▼
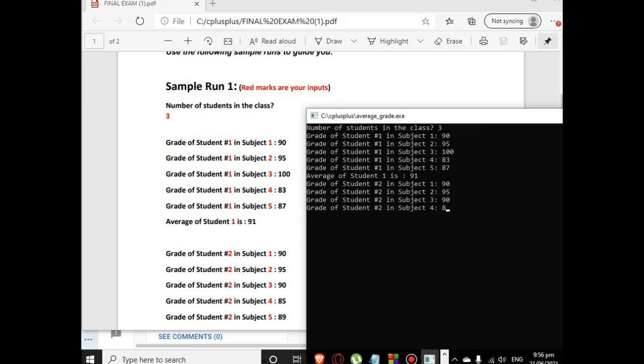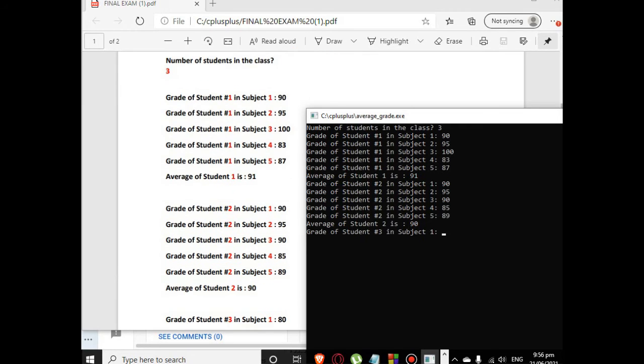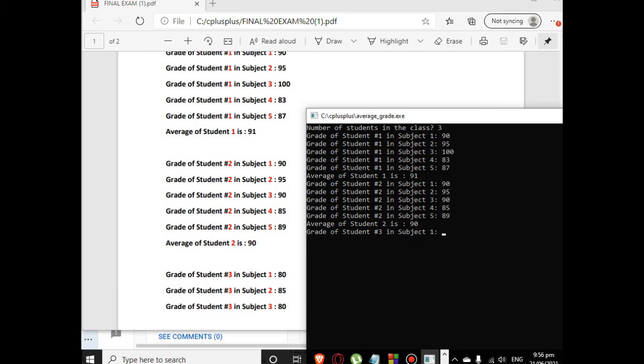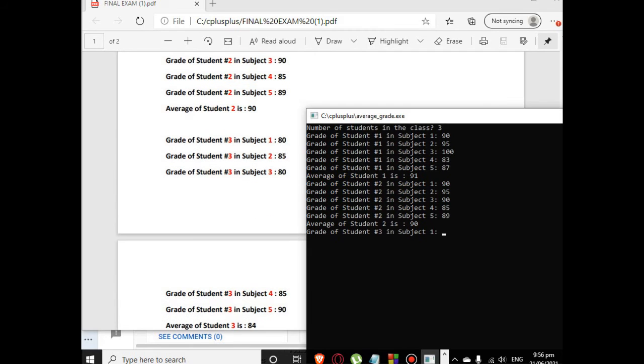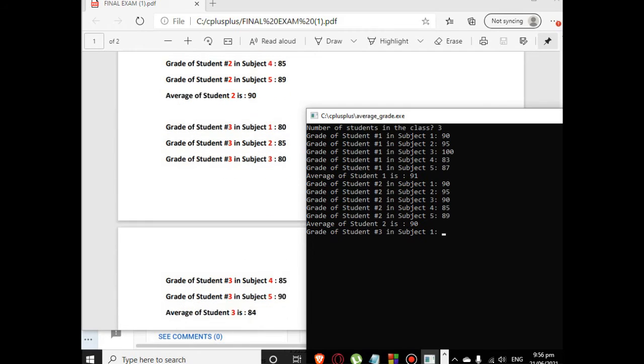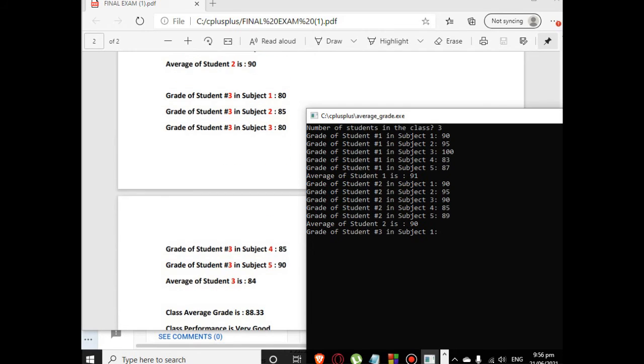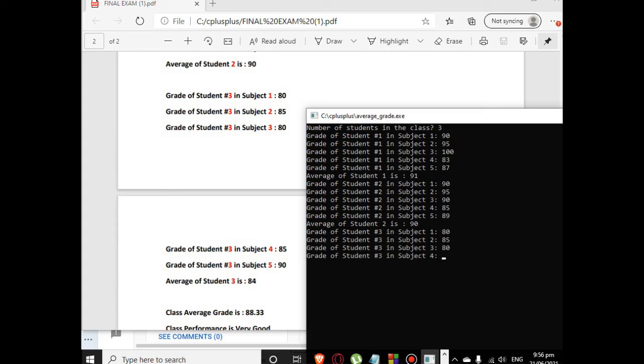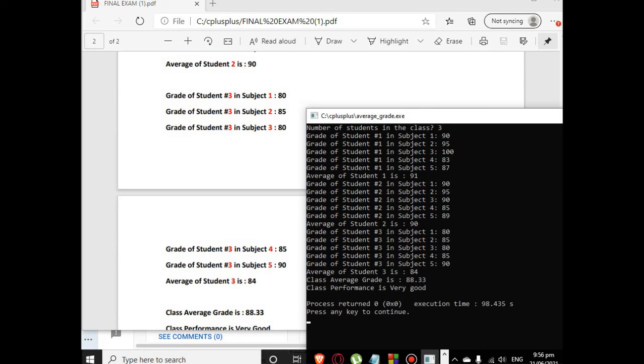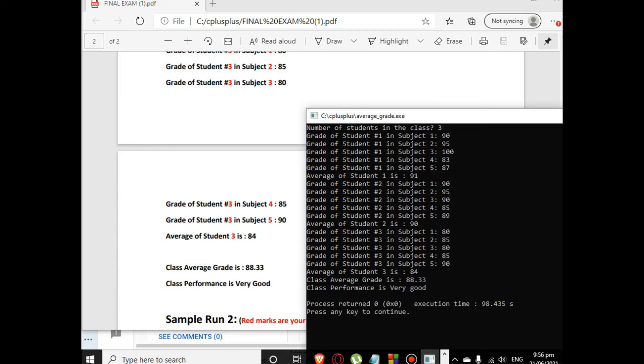So the average of student number 1 is 91. Student number 2: 90, 95, 90, 85, 89. So the average is 90. For student number 3, subject 1 is 80, subject 2 is 85, subject 3 is 80, subject 4 is 85, subject 5 is 90. So the average is 84. The class average is 88.33, the class performance is Very Good. Correct.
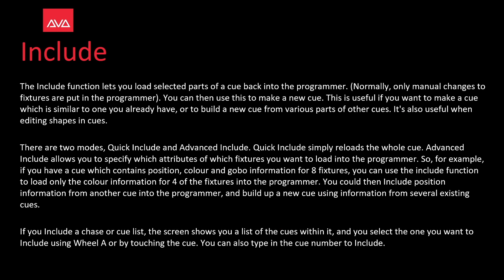The include function lets you load selected parts of a cue back into the programmer. Normally only manual changes to fixtures are put in the programmer. You can then use this to make a new cue. This is useful if you want to make a cue which is similar to one you already have or to build a new cue from various parts of other cues. It's also useful when editing shapes and cues.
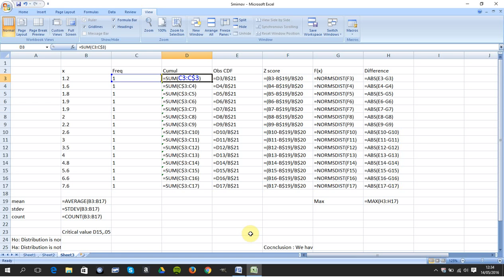C$3. So when I drag down, the first C3, you can see it becomes C4, becomes C5, becomes C6, becomes C7, C8, C9, C10. And the C$3 keeps things anchored.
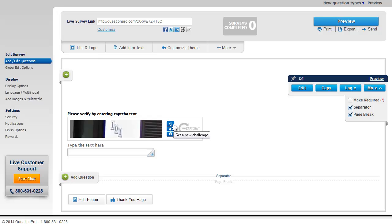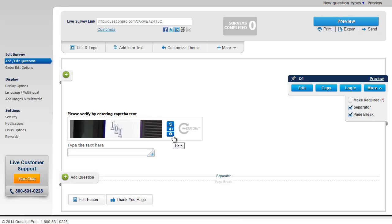The first one is to get a new challenge. The second one is to get an audio challenge, and the third one is to access the help section.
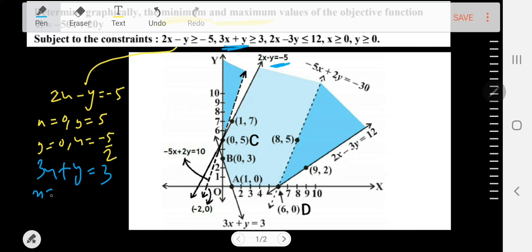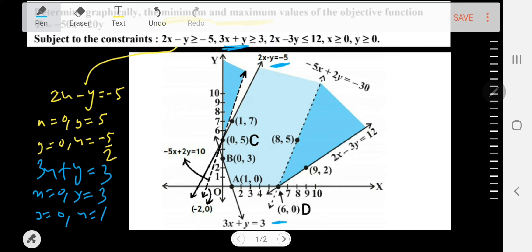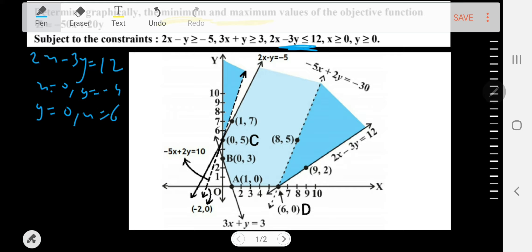For the second line, 3x + y = 3: when x = 0, y = 3, and when y = 0, x = 1. For the third inequality, 2x - 3y ≤ 12: when x = 0, y = -4, and when y = 0, x = 6 — giving points (0, -4) and (6, 0). Now we need to take the testing points for each inequality.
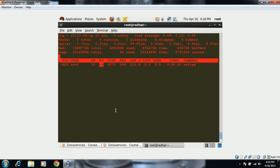We can also change the nice value using the 'top' command directly. While watching the top output — which refreshes every two seconds — if we hit the 'r' key, it asks for a PID to renice. We enter 1925, hit Enter, and then provide the new value, such as minus 4. It automatically accepts the value. That's how you provide a nice value using the top command.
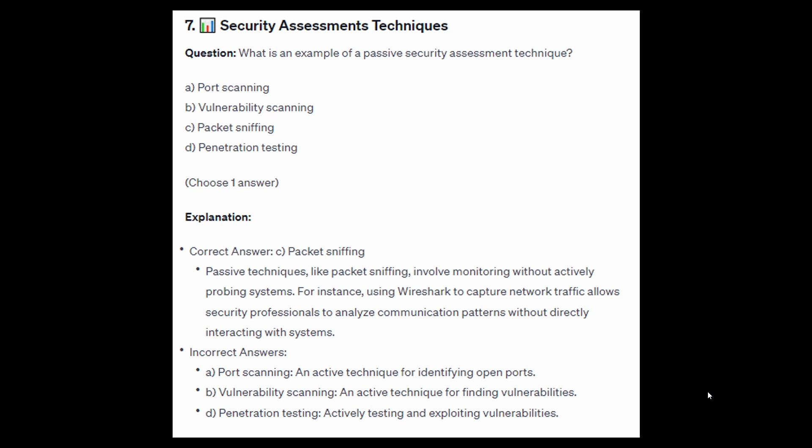For the incorrect answers: port scanning is an active technique for identifying open ports. Vulnerability scanning is an active technique for finding vulnerabilities. Penetration testing involves actively testing and exploiting vulnerabilities.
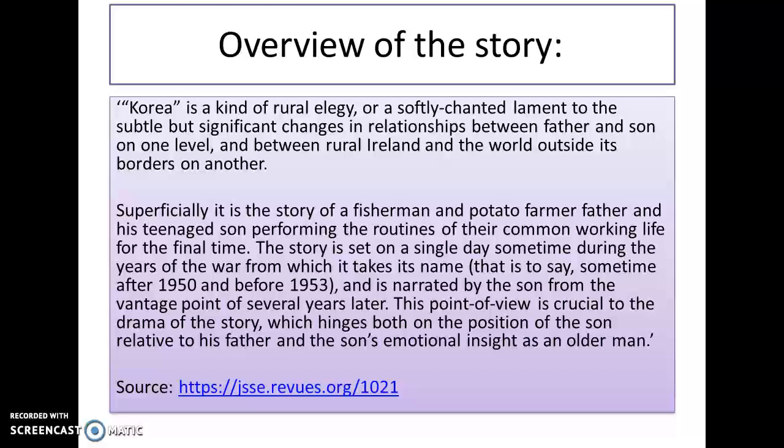Here's a quick overview of the story as a whole. Korea is a kind of rural elegy, or a softly-chanted lament, to the subtle but significant changes in relationships between father and son on one level, and between rural Ireland and the world outside its borders on another. Overall, it is the story of a fisherman and potato farmer father and his teenage son performing the routines of their common working life for the final time — fishing. The story is set on a single day, sometime between 1950 and 1953, and is narrated by the son from the vantage point of several years later. This point of view is crucial to the drama of the story.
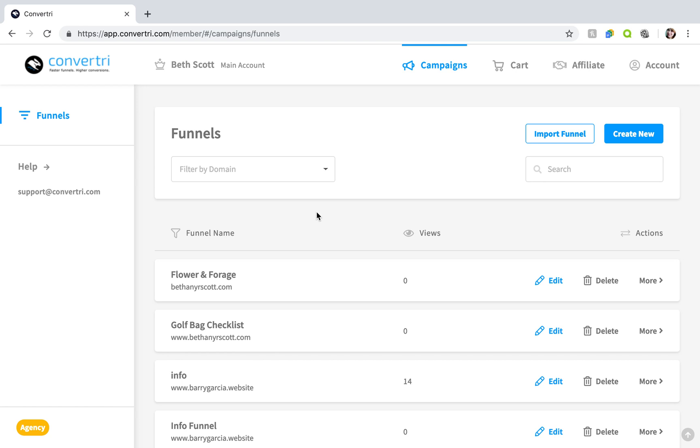Choosing a funnel template automatically populates your new funnel with a set of matching pages for your chosen niche. Everything you need for your sales funnel built for you in seconds. All you need to do is edit each page exactly how you want it to look.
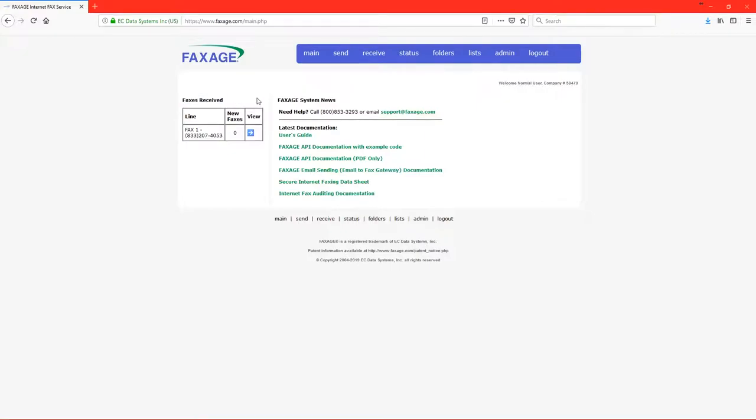To view the faxes received, you may either click the blue arrow next to view here or click receive up at the top.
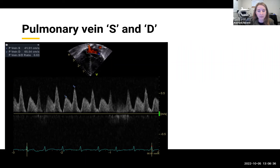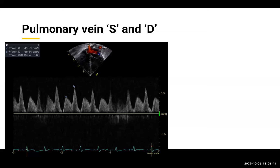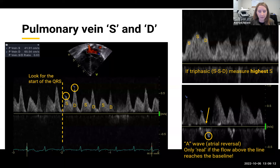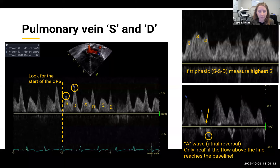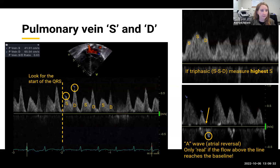The first measurement is the tracing of the pulmonary vein from the apical four-chamber view, usually showing a systolic S wave and a diastolic D wave. Sometimes you'll see triphasic flow with an S, S, and D — in that case, measure the higher of the two S waves. To do this measurement, look for the start of the QRS, the S should follow just after, and mark the peak velocity of the S wave and D wave. An A wave can be present showing atrial reversal — this can be normal or a marker of LA hypertension, but it's only a real A wave if you see the D wave coming all the way back to baseline first.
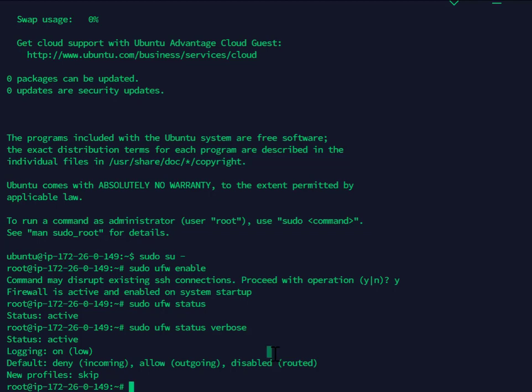So, for CyberPanel itself, you want port 8090 to be enabled. So, and that would be for TCP.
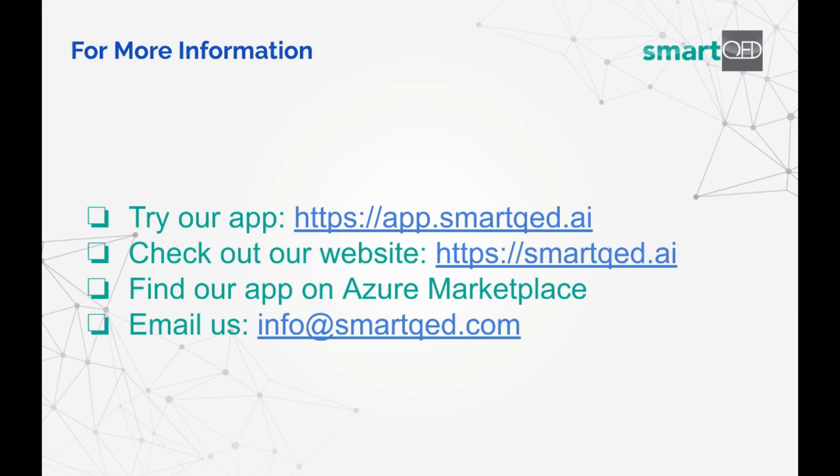Please try out the SmartQED app at app.smartqed.ai, check out our website at smartqed.ai and find us on the Azure Marketplace. Please reach out to us with any questions, comments, or concerns at info at smartqed.com. We would love to hear from you. Bye!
▲
- Task brief -
Give back the material word for word and drop the pictures it holds.

- Solution to the problem -
So the average of student number 1 is 91. Student number 2: 90, 95, 90, 85, 89. So the average is 90. For student number 3, subject 1 is 80, subject 2 is 85, subject 3 is 80, subject 4 is 85, subject 5 is 90. So the average is 84. The class average is 88.33, the class performance is Very Good. Correct.
The include function lets you load selected parts of a cue back into the programmer. Normally only manual changes to fixtures are put in the programmer. You can then use this to make a new cue. This is useful if you want to make a cue which is similar to one you already have or to build a new cue from various parts of other cues. It's also useful when editing shapes and cues.
C$3. So when I drag down, the first C3, you can see it becomes C4, becomes C5, becomes C6, becomes C7, C8, C9, C10. And the C$3 keeps things anchored.
The first one is to get a new challenge. The second one is to get an audio challenge, and the third one is to access the help section.
For the second line, 3x + y = 3: when x = 0, y = 3, and when y = 0, x = 1. For the third inequality, 2x - 3y ≤ 12: when x = 0, y = -4, and when y = 0, x = 6 — giving points (0, -4) and (6, 0). Now we need to take the testing points for each inequality.
We can also change the nice value using the 'top' command directly. While watching the top output — which refreshes every two seconds — if we hit the 'r' key, it asks for a PID to renice. We enter 1925, hit Enter, and then provide the new value, such as minus 4. It automatically accepts the value. That's how you provide a nice value using the top command.
For the incorrect answers: port scanning is an active technique for identifying open ports. Vulnerability scanning is an active technique for finding vulnerabilities. Penetration testing involves actively testing and exploiting vulnerabilities.
Here's a quick overview of the story as a whole. Korea is a kind of rural elegy, or a softly-chanted lament, to the subtle but significant changes in relationships between father and son on one level, and between rural Ireland and the world outside its borders on another. Overall, it is the story of a fisherman and potato farmer father and his teenage son performing the routines of their common working life for the final time — fishing. The story is set on a single day, sometime between 1950 and 1953, and is narrated by the son from the vantage point of several years later. This point of view is crucial to the drama of the story.
Choosing a funnel template automatically populates your new funnel with a set of matching pages for your chosen niche. Everything you need for your sales funnel built for you in seconds. All you need to do is edit each page exactly how you want it to look.
To view the faxes received, you may either click the blue arrow next to view here or click receive up at the top.
The first measurement is the tracing of the pulmonary vein from the apical four-chamber view, usually showing a systolic S wave and a diastolic D wave. Sometimes you'll see triphasic flow with an S, S, and D — in that case, measure the higher of the two S waves. To do this measurement, look for the start of the QRS, the S should follow just after, and mark the peak velocity of the S wave and D wave. An A wave can be present showing atrial reversal — this can be normal or a marker of LA hypertension, but it's only a real A wave if you see the D wave coming all the way back to baseline first.
So, for CyberPanel itself, you want port 8090 to be enabled. So, and that would be for TCP.
Please try out the SmartQED app at app.smartqed.ai, check out our website at smartqed.ai and find us on the Azure Marketplace. Please reach out to us with any questions, comments, or concerns at info at smartqed.com. We would love to hear from you. Bye!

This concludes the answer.